THE COMMENT IN THE TWENTY-NINTH CHAPTER OF THE BOOK OF ACTS in the Turkish Archives at Istanbul (formerly Constantinople), about the arrival of St. Paul in Britain at the Port of Raphinus and his preaching in their city upon “Mount Lud”, (Ref. 1 – p 141), is interesting as it takes one back to the foundation and early history of London.

Gordon (Ref. 2) and Waddell (Ref.3) both rely on Nennius and Geoffrey of Monmouth for their information. Gordon also uses information from the works of the Welsh scholar and bard, R. W. Morgan, and particularly refers to his “History of the Kymri”.(Ref. 2 – p 85 & 106).

2. Prehistoric London

Gordon (Ref. 2 – p 6) shows the plan of the prehistoric London mounds. Two of the mounds are artificially constructed. One was known as Bryn Gwyn, the white or holy mound, and the White Tower of London was built on this site. The other was Tot Hill meaning the sacred mound. Both of these mounds are close to the Thames.

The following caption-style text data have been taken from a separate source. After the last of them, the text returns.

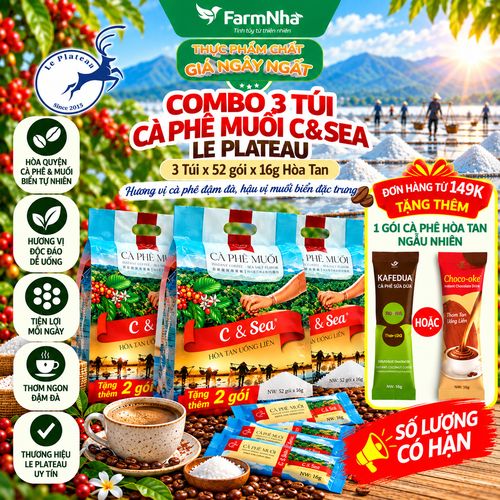 (Combo 3) Cà Phê Muối hòa tan C & Sea Le Plateau Túi 832gr 52 gói x 16g - Đậm đà & Mặn mà vị biển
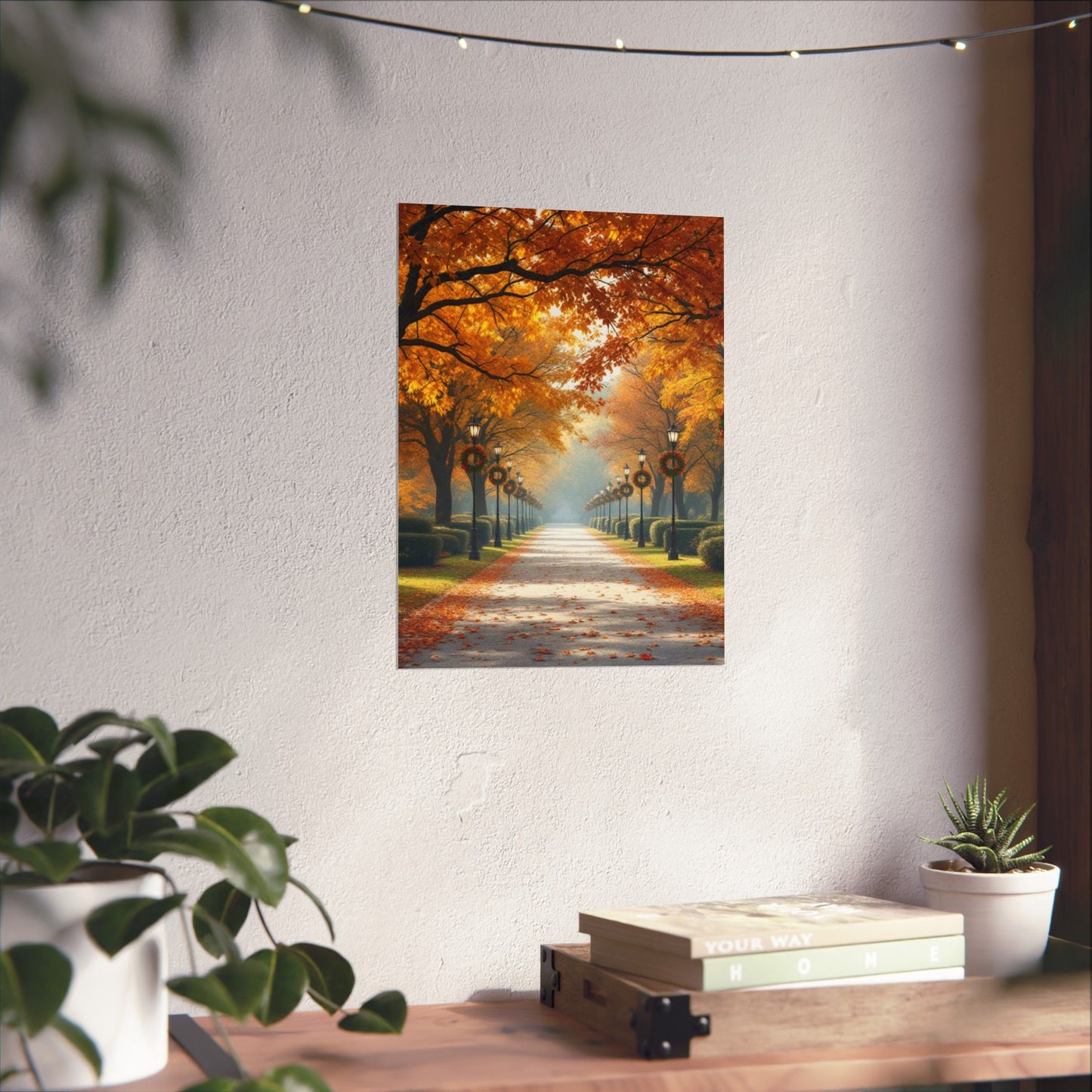 Autumn Pathway Wall Art, Matte Vertical Posters, Fall Decor, Seasonal Artwork, Cozy Home Vibes, Perfect for Thanksgiving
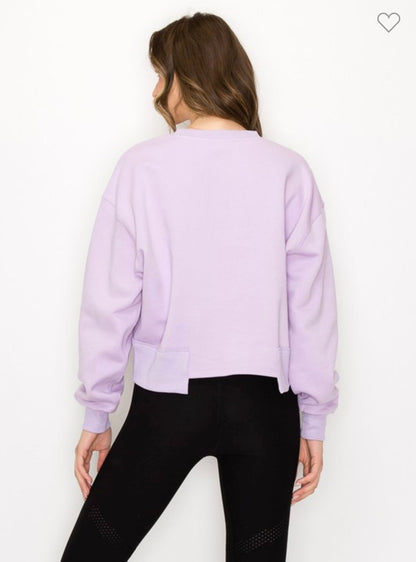 Women's Oversized Cropped Sweatshirt Casual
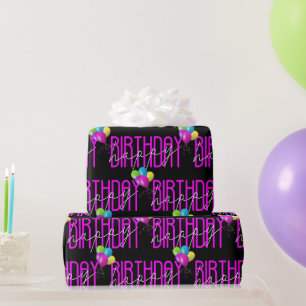 Verjaardag Neon Roze Met Ballonnen Cadeaupapier
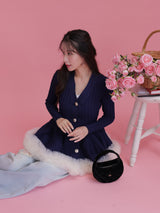 Tulle Peplum Cardigan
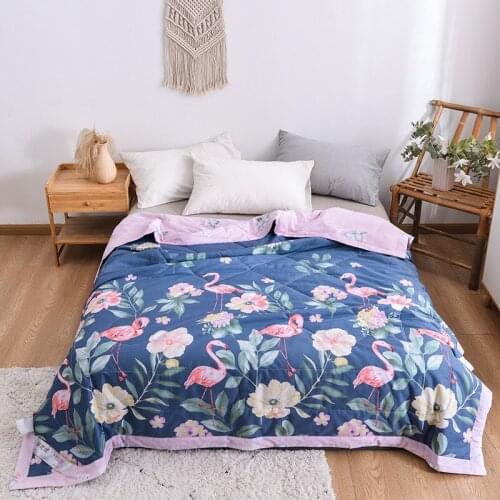 100% Cotton Flamingo Comforter Bed Cover Quilting Summer Quilt Home Textiles Suitable for Children Kids Men Adult free shipping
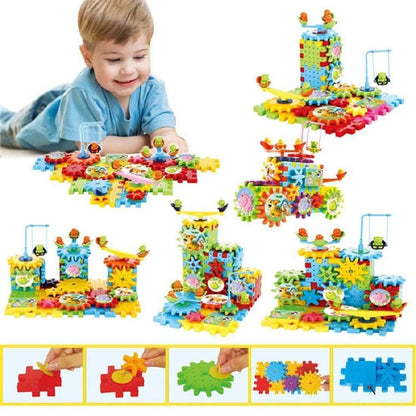 Battery Operated 81pcs Rotating Building Blocks with Gears for STEM Learning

Four miles north east of St. Paul’s Cathedral there is a hill which was known as “LIandin”, a sacred or lake eminence, known today as Parliament Hill standing 322 feet high.(Ref. 2 – p 7/8). On the north eastern slope of this hill is a stone monument on which it states public speaking is allowed. It appears that since “time immemorial ” this hill has been used for numerous meetings both religious and political, either on the hill or on “Parliament Fields ” at its base. (Ref. 2 – p 110).